# Key West



## rwroth (Dec 25, 2011)

While vacationing for 2 weeks at our TS on Sanibel Island, I thought it would be "neat" to take the Key West Express from Ft Myers to Key West, and stay there maybe 2 nights, taking in local activities -- not having been there before. Can anyone suggest where to stay -- walking distance from the KW dock -- and things to do in KW during early December? Any other thoughts about such a trip would be appreciated. Does anyone offer a "package tour", for example. We probably won't rent a car.

Roy


----------



## bogey21 (Dec 25, 2011)

I took the cat from Fort Myers to Key West a couple of years ago.  I'd recommend three days (the rest of they day on which you arrive; one full day; and the morning on the day you leave).  It is an easy walk from where the boat docks to Duval Street.  I suggest pulling up a map of Key West on the Internet; prinit it out; search rentals on-line; it shouldn't be hard to find one in the area.  There is plenty to see and do within walking distance.

George


----------



## Sea Six (Dec 25, 2011)

During December we experience some cold fronts, which can kick up the seas to a very uncomfortable level.  If you get sea-sick, just keep this in mind, as it is a 4 hour ride to Key West.  Our favorite place is the Westin Key West on Mallory Square. This may be a bit more high-end than you need, but in any case, just pick a place in the Mallory Square area so you can be close to all the action.  Take the Conch Train tour to see the city.  One of my favorites is the Mel Fisher Museum (sunken treasures).
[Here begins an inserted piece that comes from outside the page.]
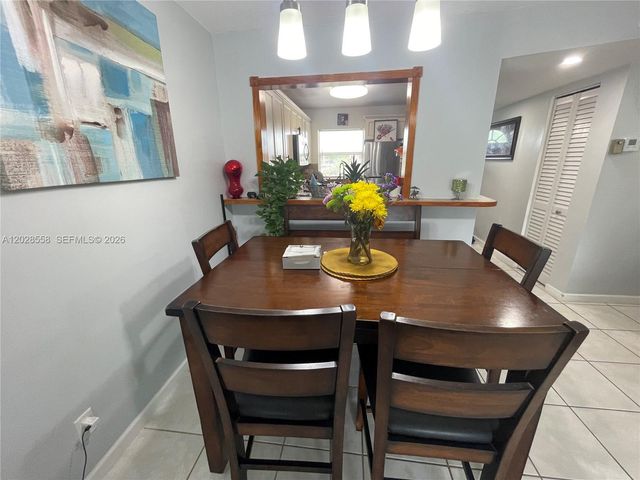 9281 Sunrise Lakes Boulevard 209, Sunrise, FL 33322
Google Key West and you will find many things to do. Also, be aware of when Fantasy Fest is, and what it is, before you go during that time frame. You may see things you don't want to if you don't know about it.  Google is your friend!


----------



## theo (Dec 25, 2011)

*My $0.02 worth...*



rwroth said:


> ...I thought it would be "neat" to take the Key West Express from Ft Myers to Key West, and stay there maybe 2 nights, taking in local activities -- not having been there before. Can anyone suggest where to stay -- walking distance from the KW dock



Despite having a mariner's background, I can't honestly say that I at all enjoyed that boring, hours long "slog by water" on the Key West Express. I'm not in any hurry to ever do it again. YMMV.

That being said, I would second the above-mentioned vote for The Westin (245 Front St.) although it certainly is not inexpensive. We have also stayed at Marrero's Guest Mansion (about a dozen rooms, at 410 Fleming Street). Also not inexpensive, but included a very nice breakfast. The "clothing optional" pool at Marrero's was certainly a bit of a surprise, but we were not interested in pool use anyhow --- with or without clothing. See http://www.marreros.com) for details if further interested.


----------



## Sea Six (Dec 25, 2011)

Key West certainly is an unusual place.  Best to expect the unexpected, that's for sure. It's a PARTY town. If you want to experience that, then this is the place.  We just want you to know about it before you get in too deep.  You've got to do your homework before going there.  Unlesss you turn in at 8:00 every night.


----------



## riverdees05 (Dec 26, 2011)

We were staying at Marco Island a few Christmas weeks ago and my wife and youngest daughter were scheduled to take the cat from Fort Myers to Key West and back.   Because of the weather it was cancelled.  So depending on the time of the year you are going, you may want to have a back-up.  They ended up driving and it was a long trip.


----------



## theo (Dec 26, 2011)

*Long indeed...*



riverdees05 said:


> <snip>  They ended up driving and it was a long trip.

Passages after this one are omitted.